LONDON (Reuters) - European refiners are cutting purchases of Iranian oil faster than expected as the U.S. prepares to reimpose sanctions on Iran, threatening a more severe impact than the last round of punitive measures in 2012 even though the EU has not joined in.
Washington said that companies would have to wind down their activities with Iran by November 4 or risk exclusion from the U.S. financial system.
Following President Barack Obama’s sanctions in 2012, Europe imposed its own Iran oil ban. This time, however, credit lines are getting cut off despite European leaders vowing to stick to the nuclear deal and European purchases are grinding to a halt.
“These sanctions are going to be worse than under Obama. With him, you knew where you stood, how to navigate the sanctions…you never know with Trump. Everyone’s afraid,” one oil industry source said.
Swiss lender Banque de Commerce et de Placements (BCP) has told its customers that it would stop financing Iranian oil cargoes by June 30, two sources familiar with the matter said.
BCP had said at the end of May that it would suspend new transactions with Iran and wind down activities. A spokesman declined to comment on the June 30 deadline.
Customers of BCP include Greece’s Hellenic Petroleum, Total and Litasco, the Geneva-based trading arm of Russia’s Lukoil, several sources with knowledge of the matter said.

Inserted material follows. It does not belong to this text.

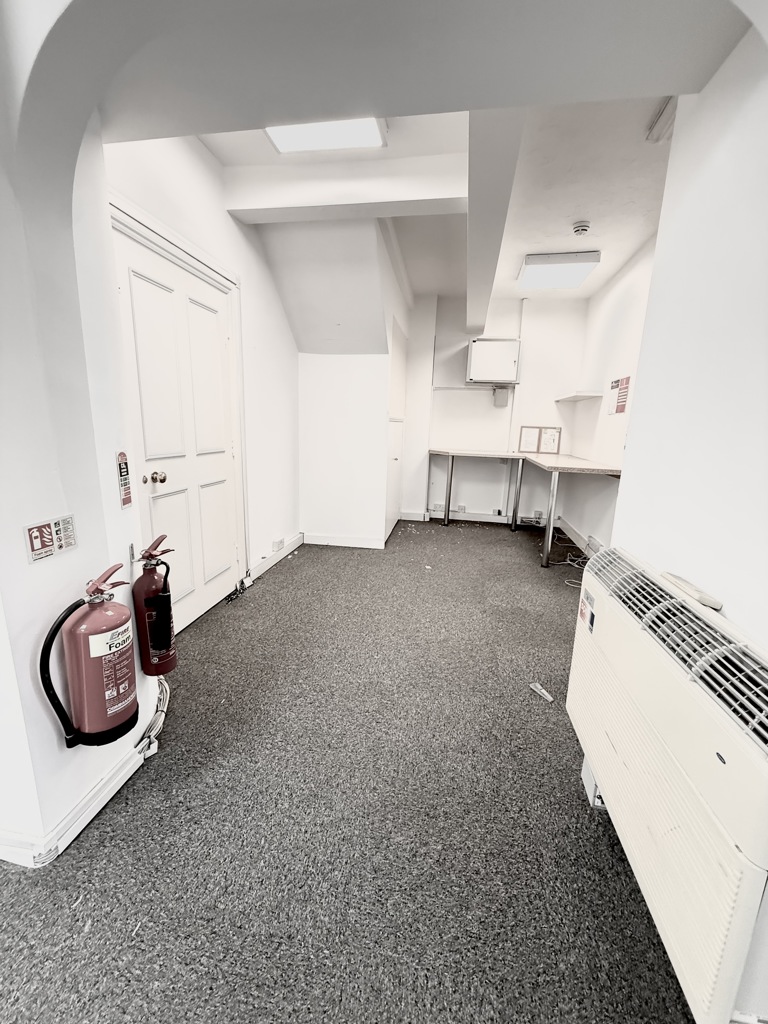 1159 Sq Ft, 63 Fore Street, Trowbridge, BA14 - Available, Image 2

Some are looking for other banking options but the premium on freight rates for Iran, high official selling prices and Trump’s unpredictability have dampened enthusiasm and these refiners are not expecting to load again, sources said.
Litasco had a 300 million euro oil export prefinance deal with Iran but pulled the plug on the revolving credit when the new set of sanctions were announced, a source with direct knowledge of the matter said.
Spanish refiners Cepsa and Repsol have been using Madrid-based Ares bank but Cepsa will stop imports from early July, sources familiar with the matter said, as later cargoes had not been agreed prior to the sanctions announcement.
Cepsa previously said that it would load crude until November and hoped for a waiver.
Europe accounted for about a fifth of Iran’s 2.5 million barrels per day of crude exports.
The U.S. has said it wants to deprive Iran of all oil exports, making exemptions unlikely.
But Washington subsequently softened its stance, saying that it would work with countries on a case-by-case basis to get as many as possible down to zero by November 4.
Key buyer Turkey said it would not cut off trade ties with Iran.
Turkey bought around 170,000 bpd of Iranian crude last month, according to port data and ship tracking. The level is in line with the average from January to April, according to official statistics.
India, the biggest buyer of Iranian oil after China, continued to buy Iranian oil during the previous round of sanctions but this time it is more concerned about losing access to the U.S. financial system and its oil ministry has asked refiners to prepare for a ‘drastic reduction or zero’ imports.
Russian oil major Rosneft, is also preparing to halt Iranian oil imports from November after a communication from the Kremlin. The company has already started cutting its oil imports from this month.
During the 2012 round, Asian buyers such as China, South Korea and Japan kept purchasing around 1 million bpd - roughly half of Iran’s normal flows.
Senior Trump administration officials have visited European nations this week and will head to the Middle East and Asia later to pressure countries to reduce their oil supplies from Iran.